Piaget and other developmental psychologists have noted that empathy (or “perspective-taking”), one of the skills in peer programming, is one of the most critical competencies for cognitive and social development (Attili & Gatewood, 1989). Social emotional development is one of the most important life skills learned through an effective peer program. Young people engaged as “helping youth” develop empathy. Research shows an impressive correlation between students’ training and skills in empathetic understanding and their academic performance (Kohn, 1991). Psychological development is a progressive loss of egocentrism and an increase in the ability to take wider and more complex perspectives, an empathic process that takes place with peer helping (Johnson & Johnson, 1987). It would seem that peer helping programs do provide opportunities for youth to develop pro-social skills.

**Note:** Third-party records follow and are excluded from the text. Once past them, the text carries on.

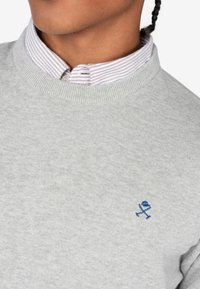 Suéter gris con cuello redondo y puños acanalados, combinado con una camisa de cuello blanca y roja a rayas. Acento de logotipo azul bordado.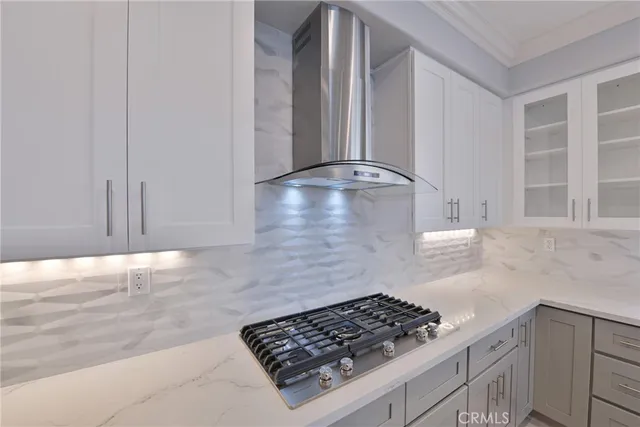 a view of a backyard with potted plants and a large tree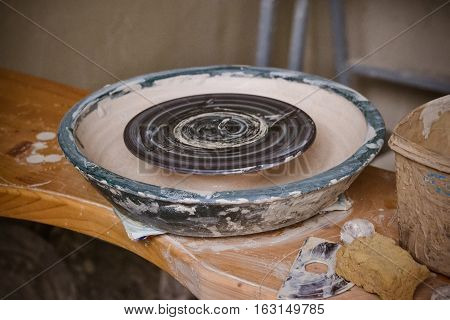 An empty circle where the potter molds product. Creative studio potter. Workplace wizard Crock pottery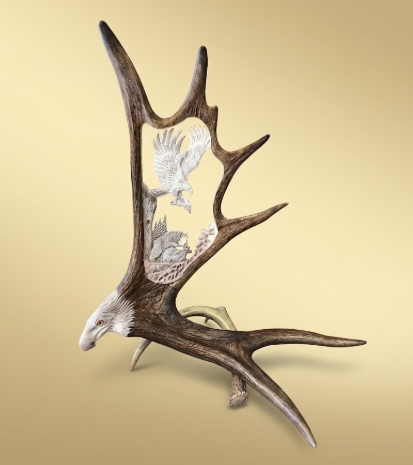 Moose antler carving with an eagles head base on a golden background.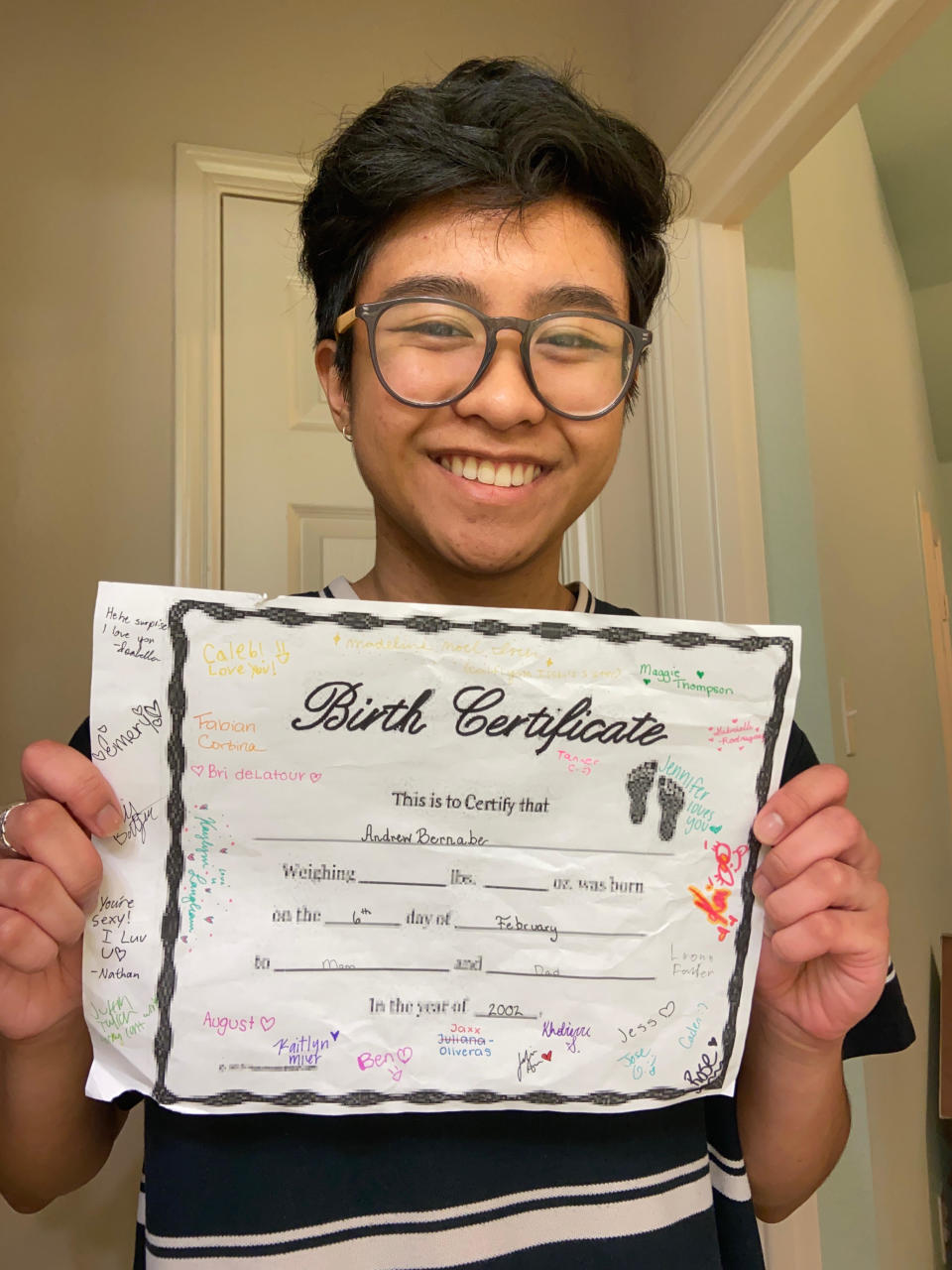 Andi with the birth certificate that his friends made him. (Photo: Andi Bernabe) 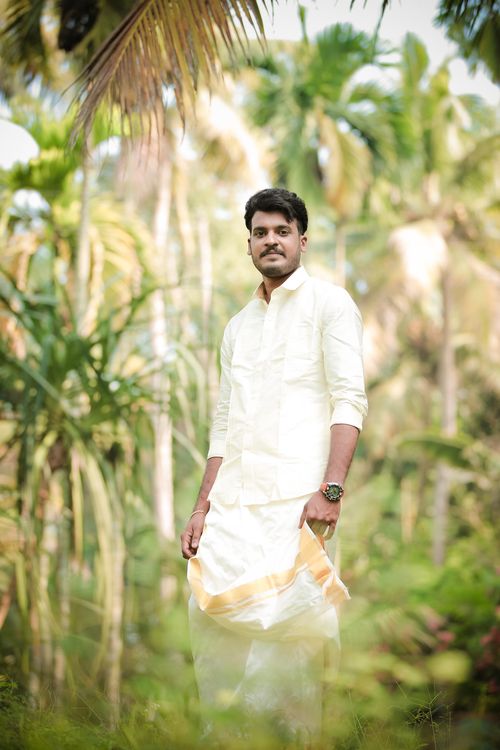Free Indian groom in traditional attire posing amidst lush tropical vegetation, perfect for wedding themes. Stock Photo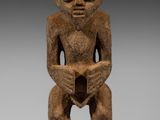 une image représentant une statue d'un homme assis à genoux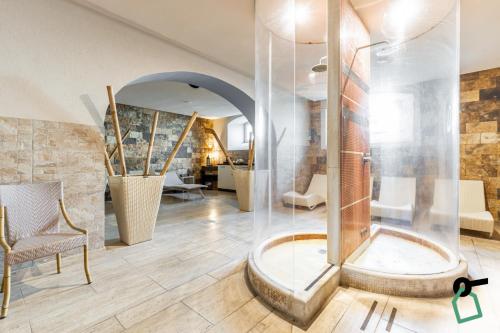 a bathroom with a shower and a tub at HOTIDAY Hotel Livorno in Livorno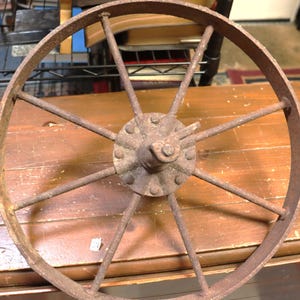 Vintage 16 inch iron spoke wheel with brackets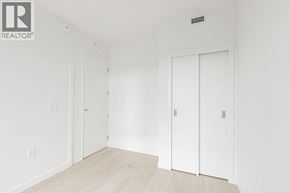 Burnaby apartment for rent - A white room with a door on the left and a white door on the right.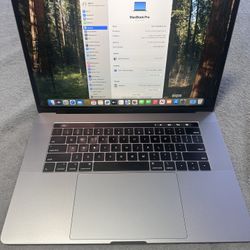 Apple MacBook Pro / 15 inch Touch Bar Retina Display / Core i7 / 16GB RAM/512GB SSD / AMD Radeon GPU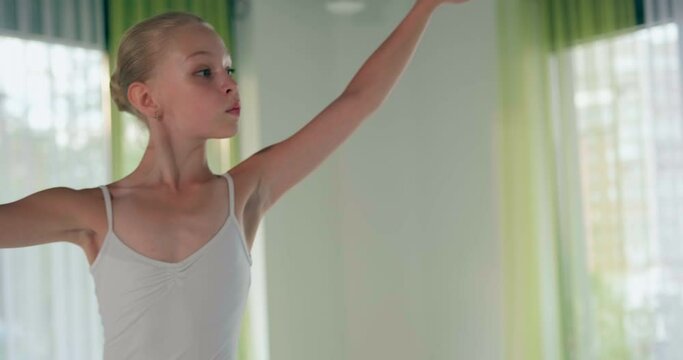 Concentrated little girl in white suit dances doing classical ballet spins at window in studio closeup slow motion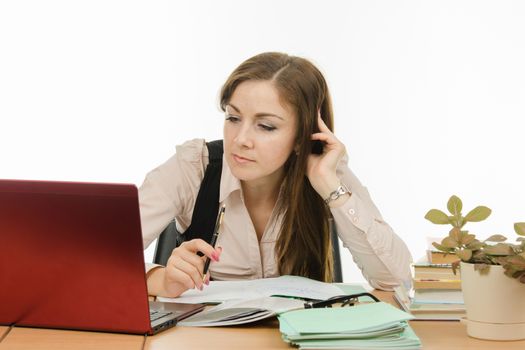 Cute little girl is a teacher sitting at a desk with a laptop, books and notebooks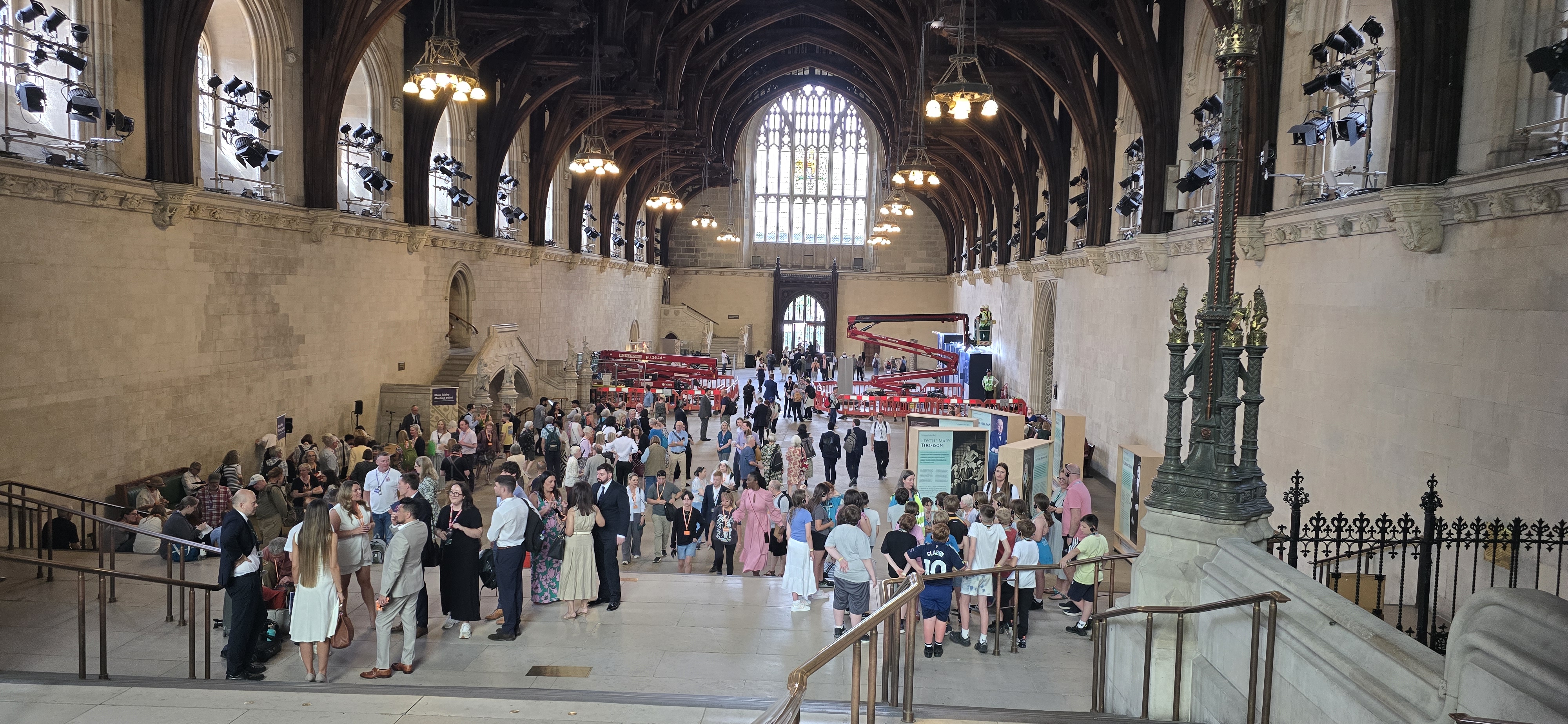 Crowds of activists in parliament talking to each other as part of the Mass Lobby campaign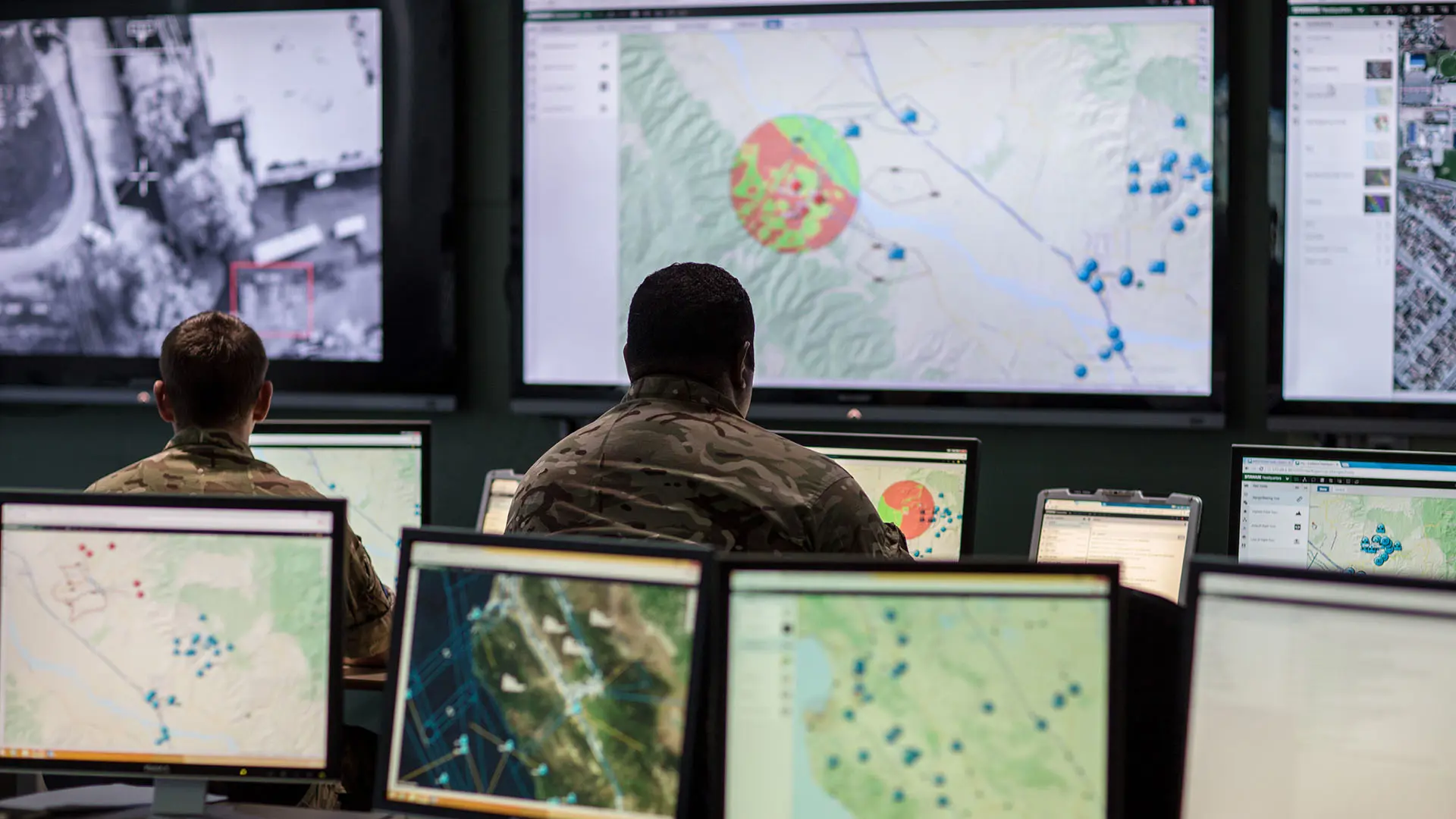 UK Commander Looking At Sitaware Map In HQ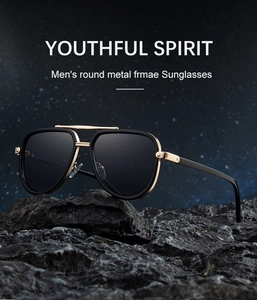 Close-up of aviator sunglasses with gold metal frame on a dark mineral stone base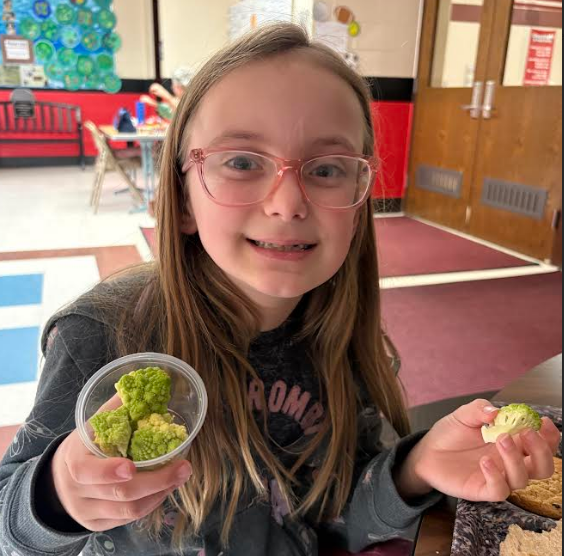 Student smiling and showing the Romensco.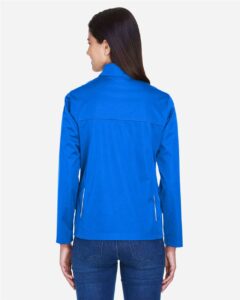 CORE365 CE708W Women’s Techno Lite Three-Layer Knit Tech-Shell – True Royal (on model back)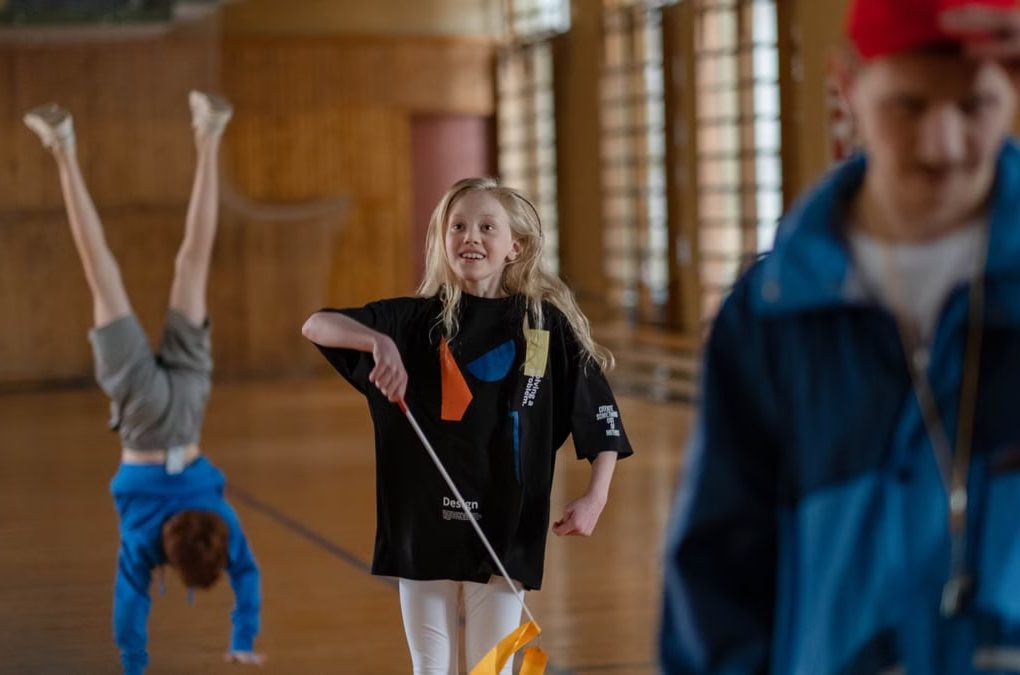 Children having fun in a school gym, with gymnastics and playful activities.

Peer Programs can help train youth in life skills that help with future employability. These life-skills include personal development, communication, decision-making/problem solving, and conflict resolution/violence prevention (Forouzesh, Grant, & Donnelly, 2001; Tindall, Routson & Lewis, 2003). Involvement in a peer program gives its members the tools to provide a variety of school and community-based support services that help others learn how to more effectively communicate, make healthy decisions, peacefully resolve conflicts, and develop a strong sense of personal worth and connectedness to friends, school, and community (Forouzesh et al.).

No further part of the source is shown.